**INPUT DATA**
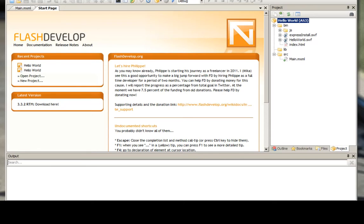That being said, today I wanted to show you how to use Flash Develop to develop Flex programs. Normally they would have you do Flash programs, but I find Flex to be quite a bit easier to learn and to use.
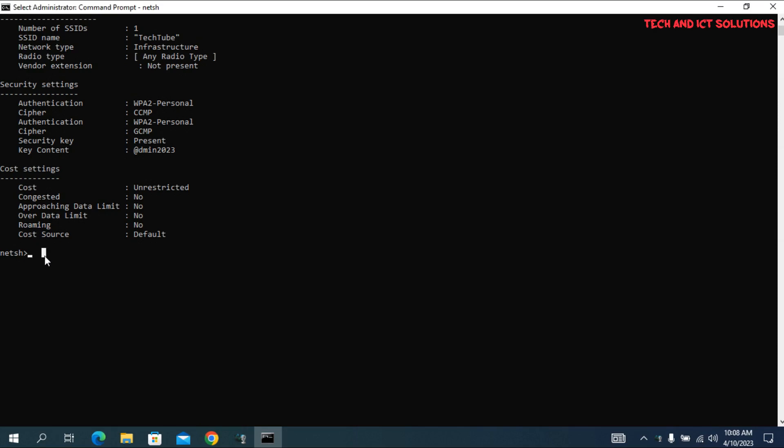Type the same command, just rename your currently connected Wi-Fi name. After this, press Enter.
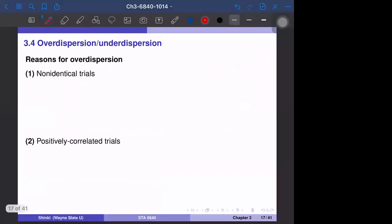Why does over-dispersion happen? Often we have over-dispersion; under-dispersion is less common but does sometimes occur. The first reason is non-identical trials. For example, consider N=10 and think about COVID infection probability. Suppose we have three cities A, B, and C, which have different average ages or different occupations of residents.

**ACTIVITY**
The line containing "Type the same" marks the end: retype every line from the first one in the listing up to and including it, without pictures.

**RESULT FOR THIS TASK**
That being said, today I wanted to show you how to use Flash Develop to develop Flex programs. Normally they would have you do Flash programs, but I find Flex to be quite a bit easier to learn and to use.
Type the same command, just rename your currently connected Wi-Fi name. After this, press Enter.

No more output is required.